A sheet of paper next to the picture was covered with his small handwriting, which had already earned him Mrs Dixon’s praise for neatness. I read the first words and felt as though the breath I’d taken had lodged like an obstruction in my chest. Once upon a time there lived a boy called To who could fly. Every night he flew past the moon and all our planets to play with the stars. Before I could restrain myself I demanded “Why is he called that?”
“Why would he be, Dominic? What do you think it could be short for?”

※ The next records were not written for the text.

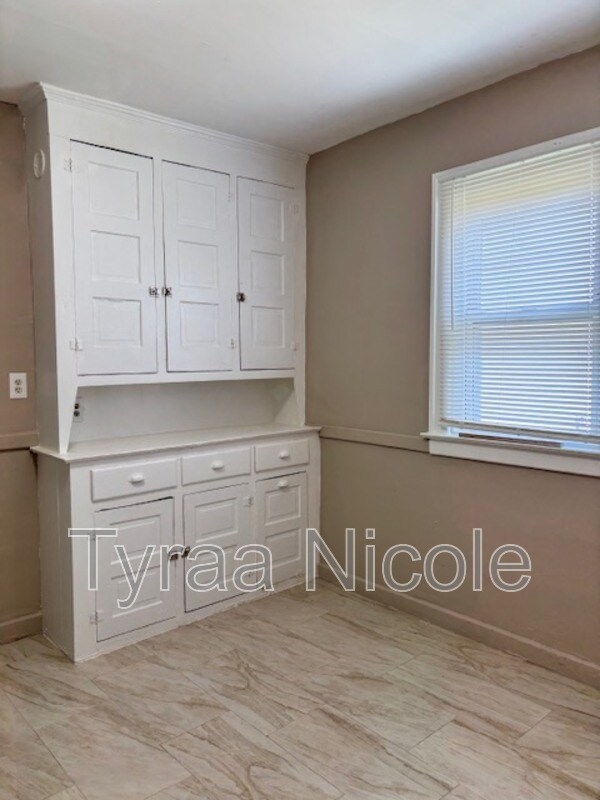 Foto del edificio - 4915 Maplewood Ave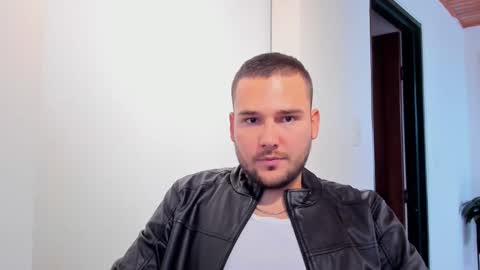 Vito Ferrer online show from 03/11/25, 08:53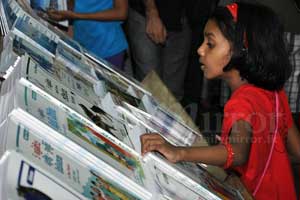 Video: Thousands throng Book Fair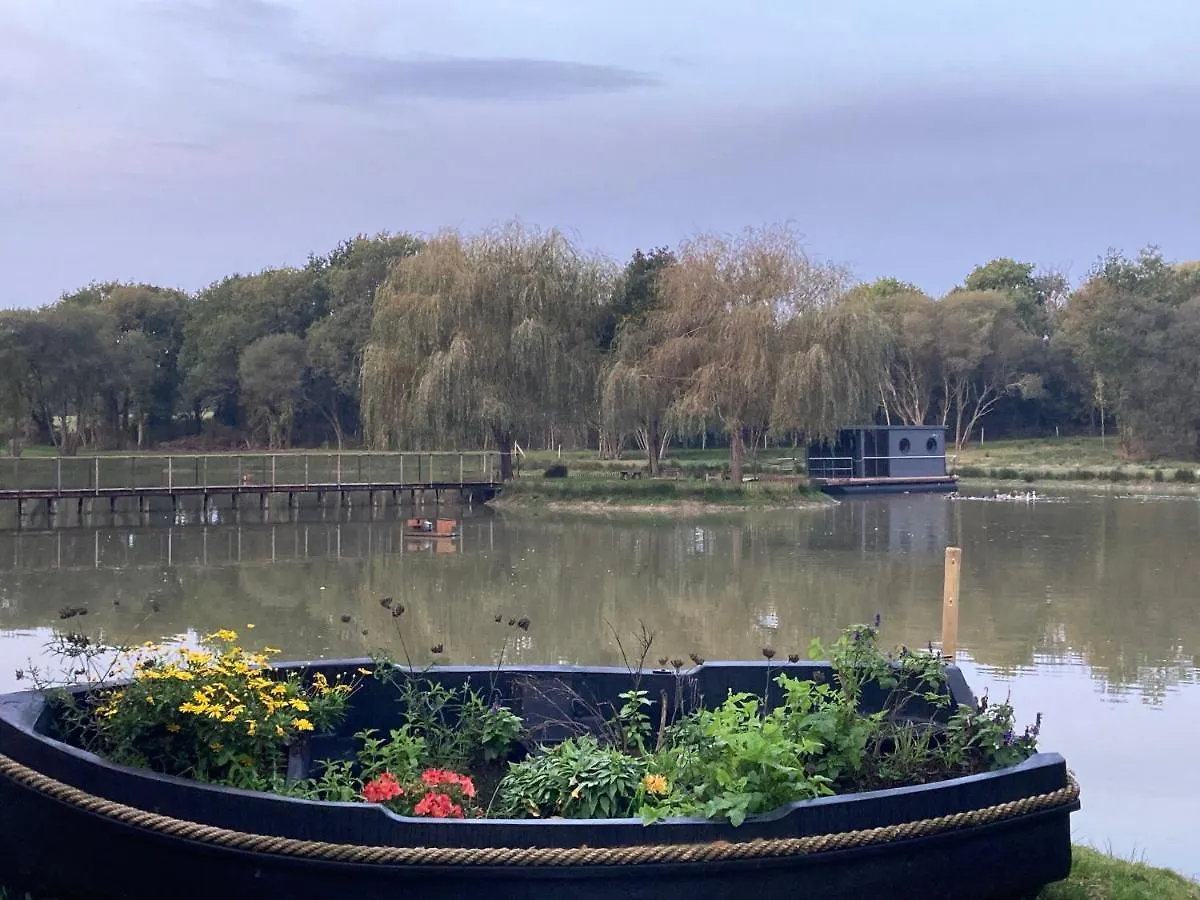 Ecolodge Charles Ashton Hebergement Insolite Sur L'Eau Sarzeau 0*,  France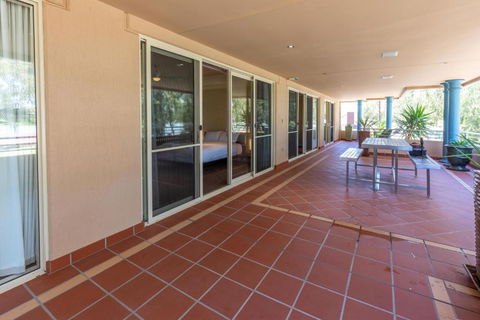 Apartment 1, 9 River Lane, Mannum - Brisbane Tourism 2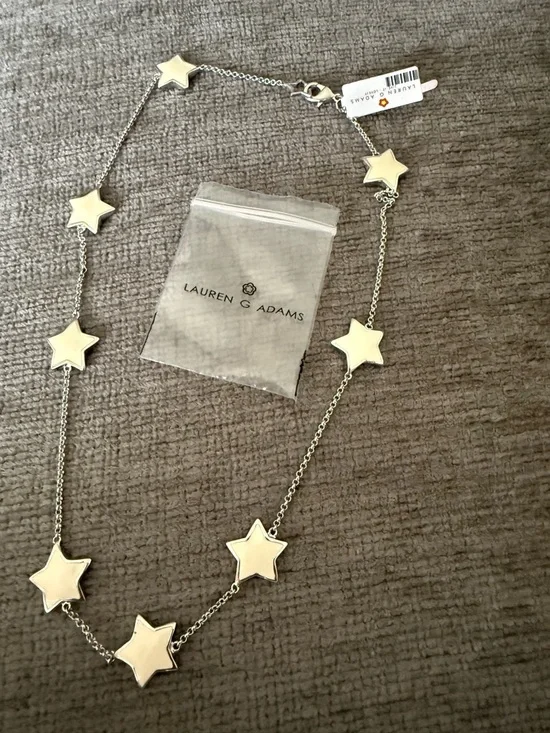 NWT Lauren G Adams Silver Star Link Necklace - White Enamel Stars - Picture 1 of 2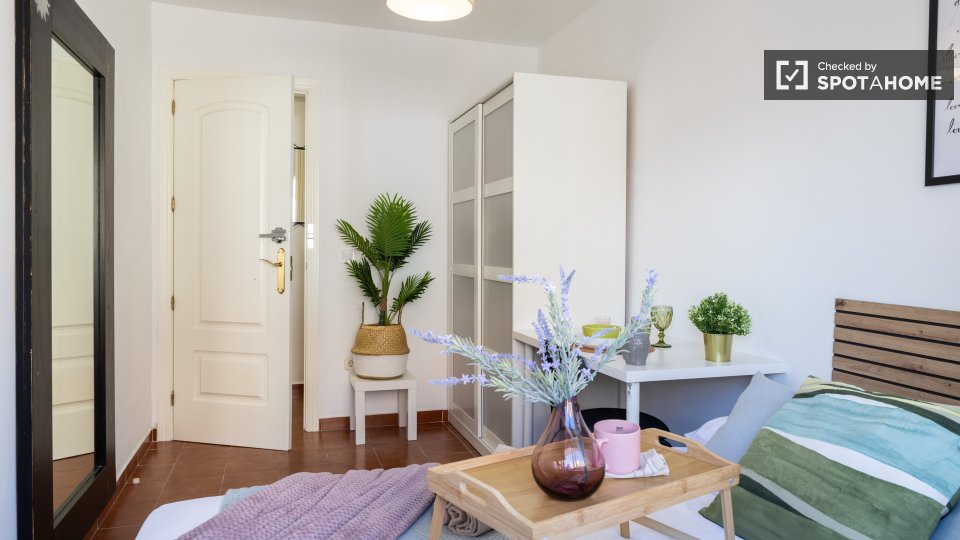 Double room Madrid, 4 beds — photo 14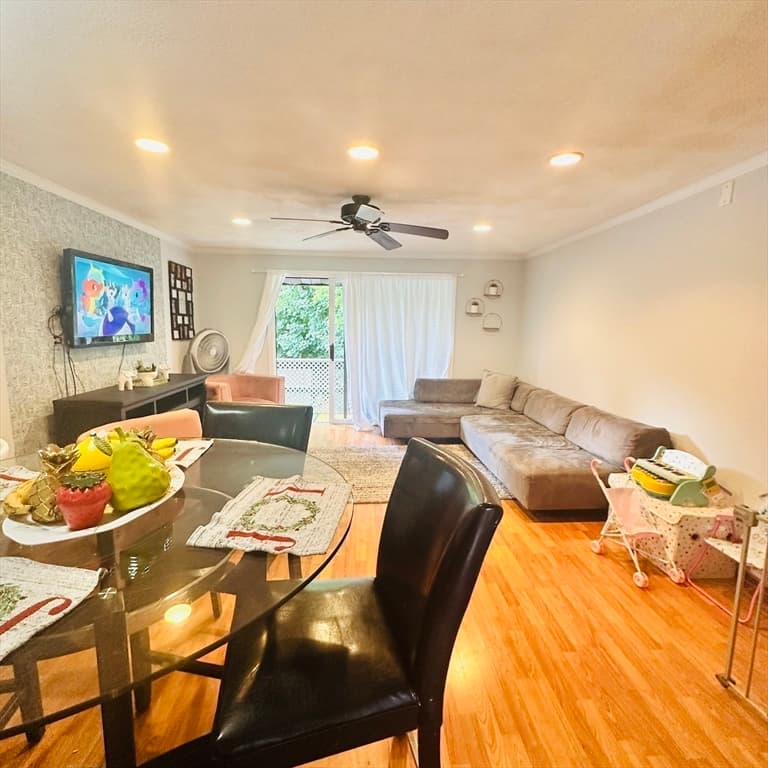 520 High St # 7, Clinton MA 01510 photo 2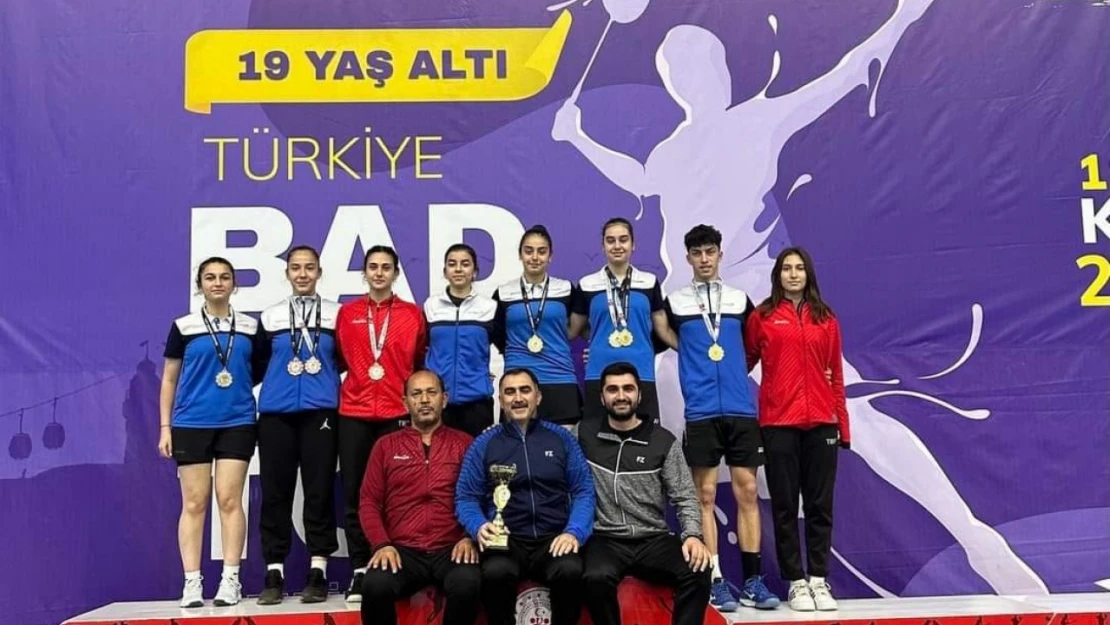 Erzincanlı badmintoncular, Samsun'dan madalyalarla döndüler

Of course Lesley meant Toby. No doubt this was likelier than Toph, but I wished she had let Toby answer for himself. I read to the end—the boy To rode away on a comet, which carried him through galaxies and eventually into a black hole from which he emerged earlier than he’d begun his voyage across the universe, letting him return home for a full night’s sleep to be ready for his parents when they came to waken him. “Very imaginative, Toby,” I said, trying to mean no more than that. “It’s better than I could have written at your age.”
“Just finish off your moon,” Lesley said, “and then we’ll have dinner.”